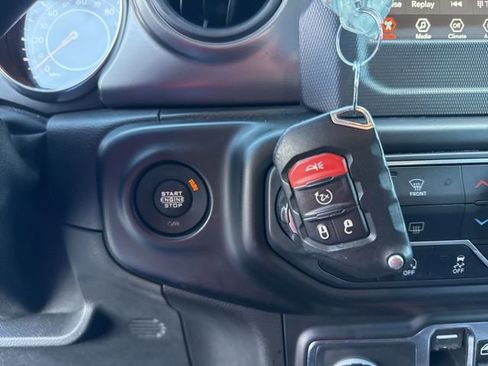 Used 2021 Jeep Wrangler Unlimited Sport image 42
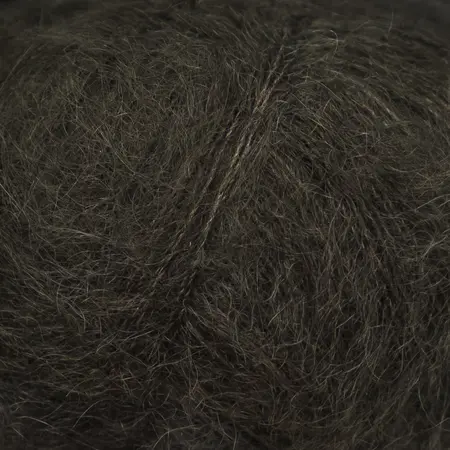 close up af garnnoegle soft silk mohair fra knitting for olive farven brun bjoern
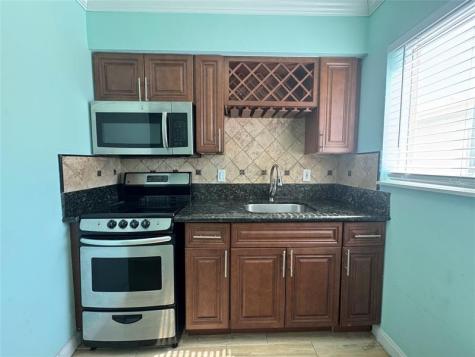 323 Monroe Street Hollywood FL 33019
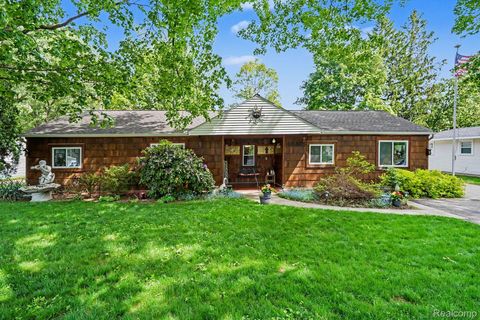 Photo of 5830 Eldridge Drive, Waterford Charter Township, MI 48327 (MLS # 20261037822)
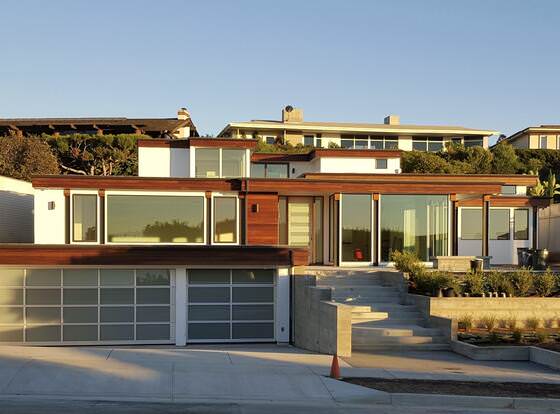 XL Modern Home allows check-in for 18 year-old guests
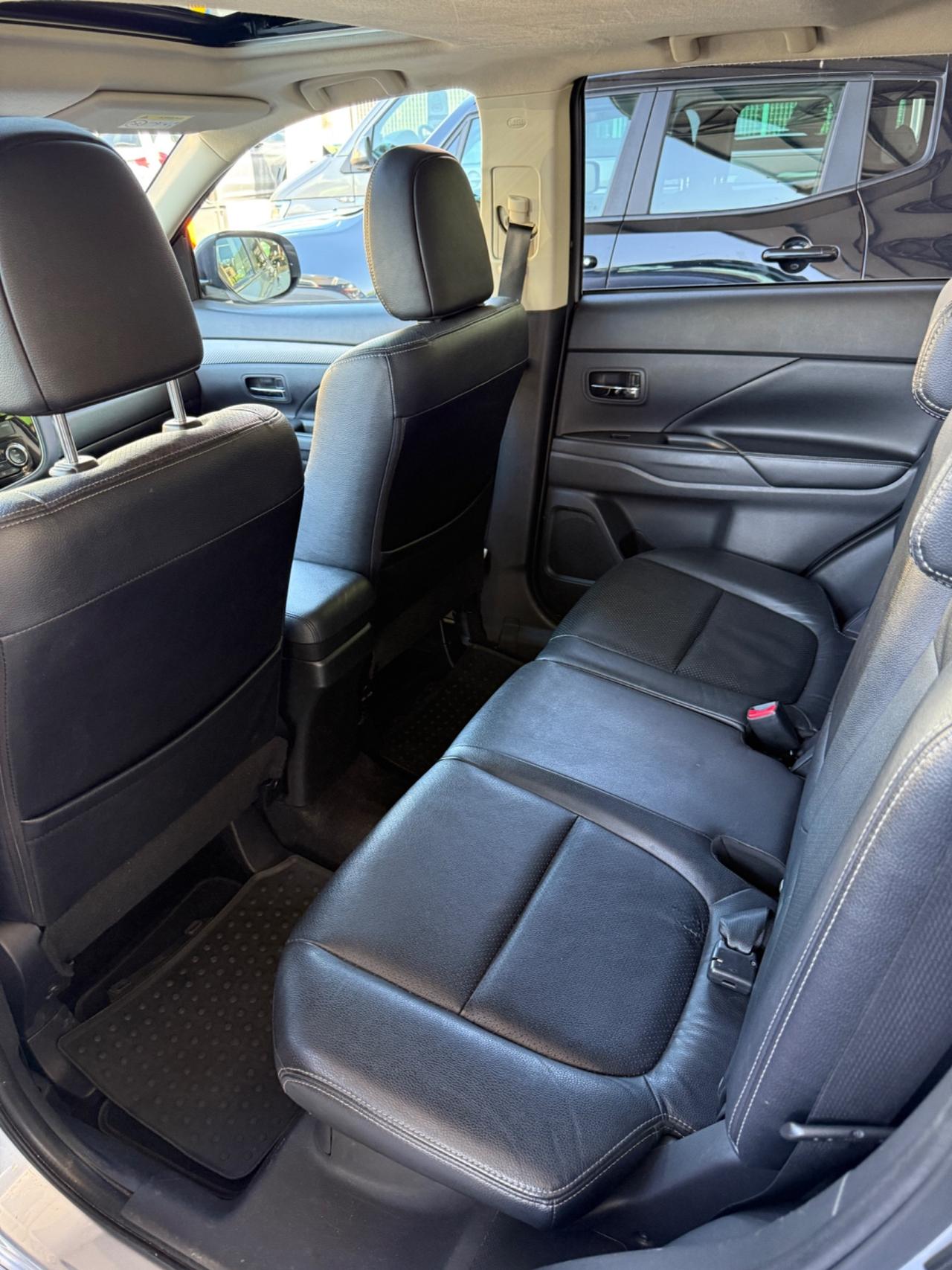 MITSUBISHI OUTLANDER 2.2 DI-D 4WD INSTYLE 7posti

## PROBLEM TO WORK ON
The copy should hold, exactly, the lines from the one containing "XL Modern Home" to the final line of the listing above, with both ends present and no pictures.

## RESPONSE AREA
 XL Modern Home allows check-in for 18 year-old guests
 MITSUBISHI OUTLANDER 2.2 DI-D 4WD INSTYLE 7posti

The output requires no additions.